Input data:

· · · · ·

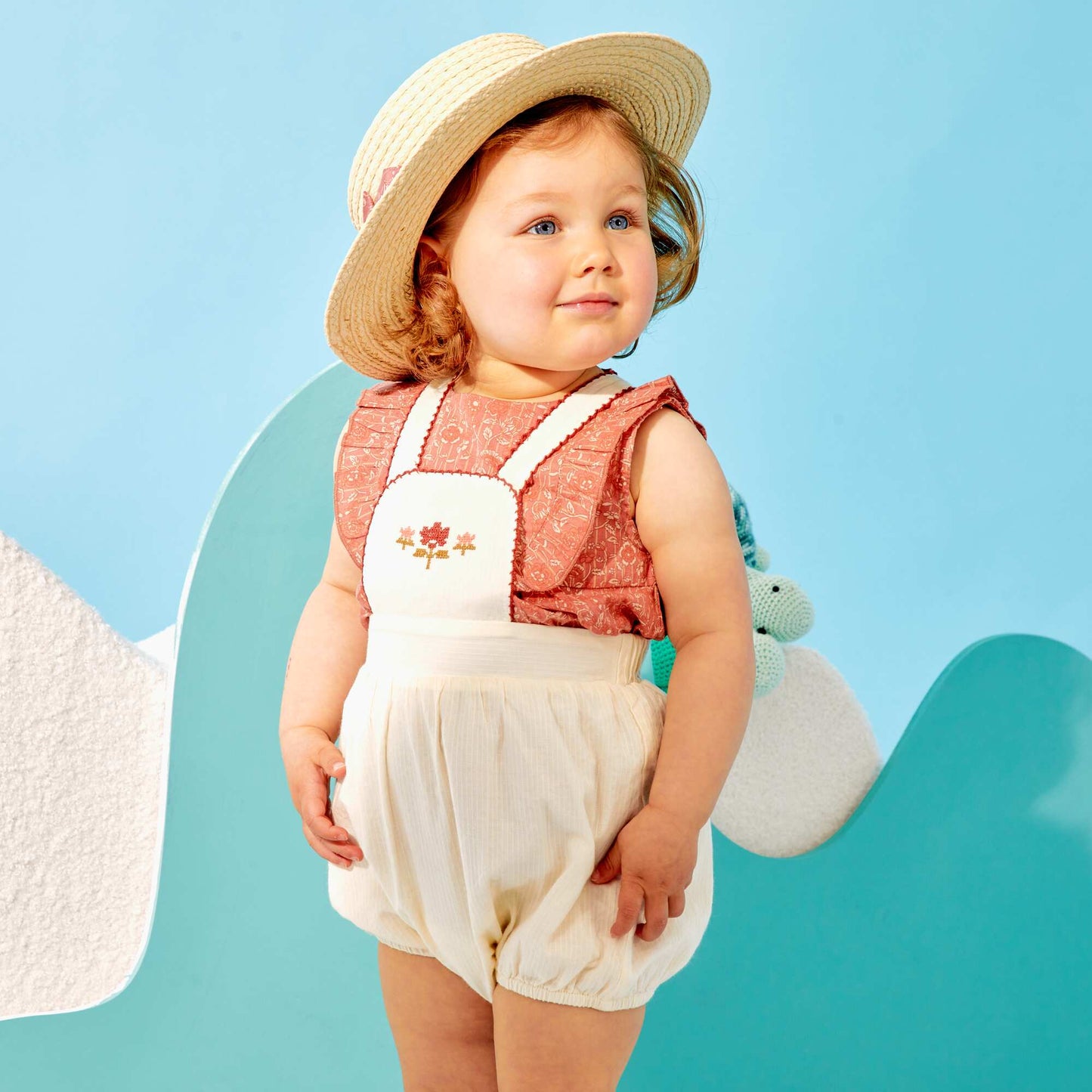 Barboteuse courte en voile de coton Ecru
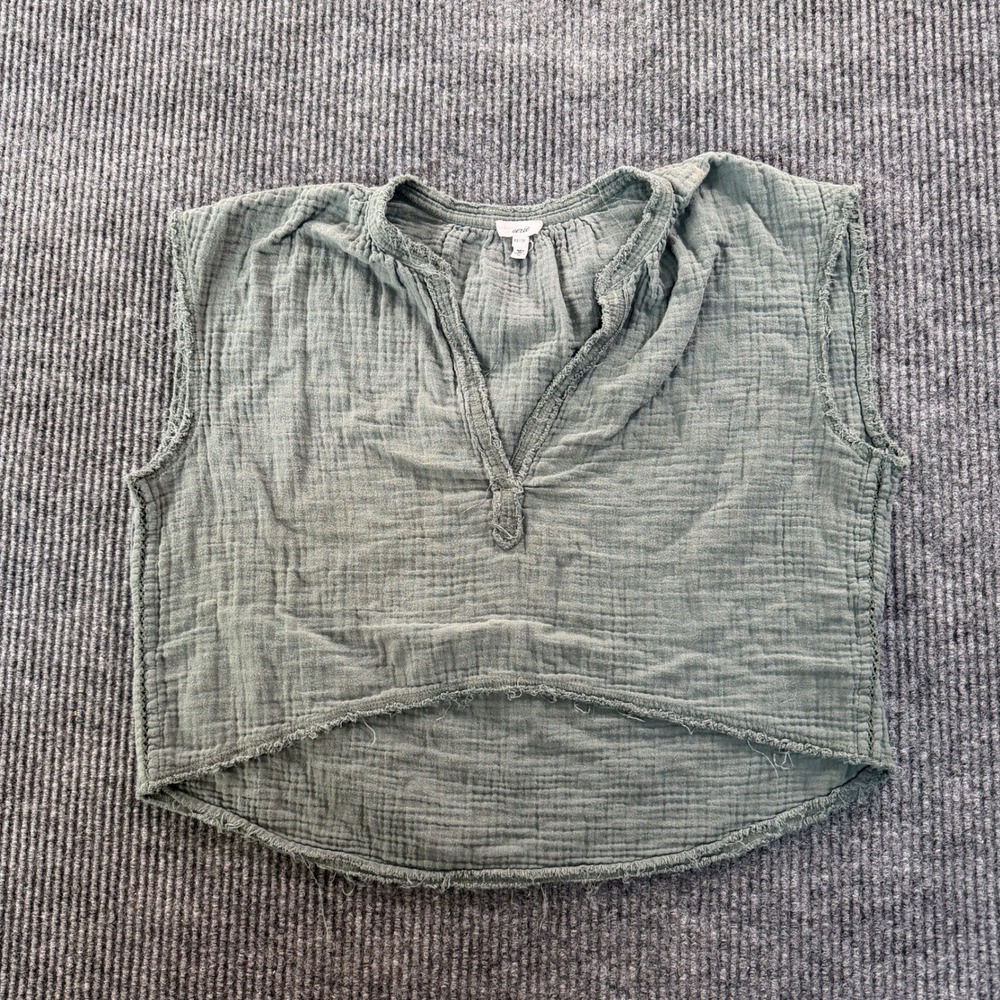 Aerie Sage Green Double Gauze Cotton Cropped Top Raw Hem Boho Sleeveless Size XS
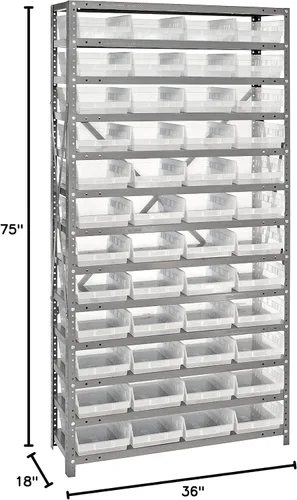 Miniatura 520 de Quantum QSBU-245BK Heavy Duty Shelving Unit with (7) Shelves and (24) QUS245 Black Bins for Garage Warehouse Storage Distribution 400 lb Load
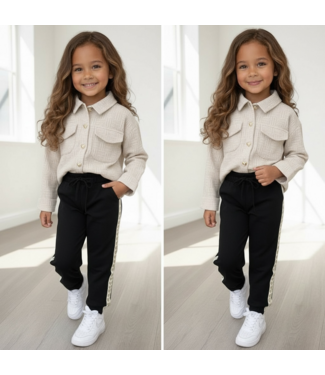 Blouse met hartjes knopen - Beige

· · · · ·

Exercise instructions: Nothing but the lines from the beginning of the material above through the line containing "Miniatura 520 de" should appear in the answer, copied exactly and free of pictures.

Task solution:
 Barboteuse courte en voile de coton Ecru
 Aerie Sage Green Double Gauze Cotton Cropped Top Raw Hem Boho Sleeveless Size XS
 Miniatura 520 de Quantum QSBU-245BK Heavy Duty Shelving Unit with (7) Shelves and (24) QUS245 Black Bins for Garage Warehouse Storage Distribution 400 lb Load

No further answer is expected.